▶ **WORK TO BE COMPLETED**
Please return every record below exactly as it stands.

*** DATASET RECORDS Section Begins ***

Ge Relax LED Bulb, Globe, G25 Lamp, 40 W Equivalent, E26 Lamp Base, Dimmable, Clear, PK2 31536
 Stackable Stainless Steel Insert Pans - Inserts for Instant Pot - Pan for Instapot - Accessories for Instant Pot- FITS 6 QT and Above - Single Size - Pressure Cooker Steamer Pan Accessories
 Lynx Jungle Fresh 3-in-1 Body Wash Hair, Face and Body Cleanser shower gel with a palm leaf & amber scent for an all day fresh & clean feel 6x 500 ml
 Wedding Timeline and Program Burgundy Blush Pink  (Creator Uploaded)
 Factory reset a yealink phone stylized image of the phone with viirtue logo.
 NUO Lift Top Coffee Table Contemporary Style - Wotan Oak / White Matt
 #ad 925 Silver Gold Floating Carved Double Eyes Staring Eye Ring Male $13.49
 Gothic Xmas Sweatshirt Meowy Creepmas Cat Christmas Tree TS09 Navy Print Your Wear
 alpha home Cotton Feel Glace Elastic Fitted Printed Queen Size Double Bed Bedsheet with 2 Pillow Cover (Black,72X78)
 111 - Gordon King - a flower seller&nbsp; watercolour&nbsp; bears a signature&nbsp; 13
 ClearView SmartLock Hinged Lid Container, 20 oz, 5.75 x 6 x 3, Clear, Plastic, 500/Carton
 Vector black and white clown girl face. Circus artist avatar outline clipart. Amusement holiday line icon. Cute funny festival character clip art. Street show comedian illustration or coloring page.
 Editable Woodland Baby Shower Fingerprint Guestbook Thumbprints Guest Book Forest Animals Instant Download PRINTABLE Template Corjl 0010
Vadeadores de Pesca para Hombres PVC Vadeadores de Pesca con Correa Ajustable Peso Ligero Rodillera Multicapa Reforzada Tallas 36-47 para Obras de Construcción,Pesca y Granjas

*** DATASET RECORDS Section Ends ***

▶ **SOLUTION TO THIS EXERCISE**
Ge Relax LED Bulb, Globe, G25 Lamp, 40 W Equivalent, E26 Lamp Base, Dimmable, Clear, PK2 31536
 Stackable Stainless Steel Insert Pans - Inserts for Instant Pot - Pan for Instapot - Accessories for Instant Pot- FITS 6 QT and Above - Single Size - Pressure Cooker Steamer Pan Accessories
 Lynx Jungle Fresh 3-in-1 Body Wash Hair, Face and Body Cleanser shower gel with a palm leaf & amber scent for an all day fresh & clean feel 6x 500 ml
 Wedding Timeline and Program Burgundy Blush Pink  (Creator Uploaded)
 Factory reset a yealink phone stylized image of the phone with viirtue logo.
 NUO Lift Top Coffee Table Contemporary Style - Wotan Oak / White Matt
 #ad 925 Silver Gold Floating Carved Double Eyes Staring Eye Ring Male $13.49
 Gothic Xmas Sweatshirt Meowy Creepmas Cat Christmas Tree TS09 Navy Print Your Wear
 alpha home Cotton Feel Glace Elastic Fitted Printed Queen Size Double Bed Bedsheet with 2 Pillow Cover (Black,72X78)
 111 - Gordon King - a flower seller&nbsp; watercolour&nbsp; bears a signature&nbsp; 13
 ClearView SmartLock Hinged Lid Container, 20 oz, 5.75 x 6 x 3, Clear, Plastic, 500/Carton
 Vector black and white clown girl face. Circus artist avatar outline clipart. Amusement holiday line icon. Cute funny festival character clip art. Street show comedian illustration or coloring page.
 Editable Woodland Baby Shower Fingerprint Guestbook Thumbprints Guest Book Forest Animals Instant Download PRINTABLE Template Corjl 0010
Vadeadores de Pesca para Hombres PVC Vadeadores de Pesca con Correa Ajustable Peso Ligero Rodillera Multicapa Reforzada Tallas 36-47 para Obras de Construcción,Pesca y Granjas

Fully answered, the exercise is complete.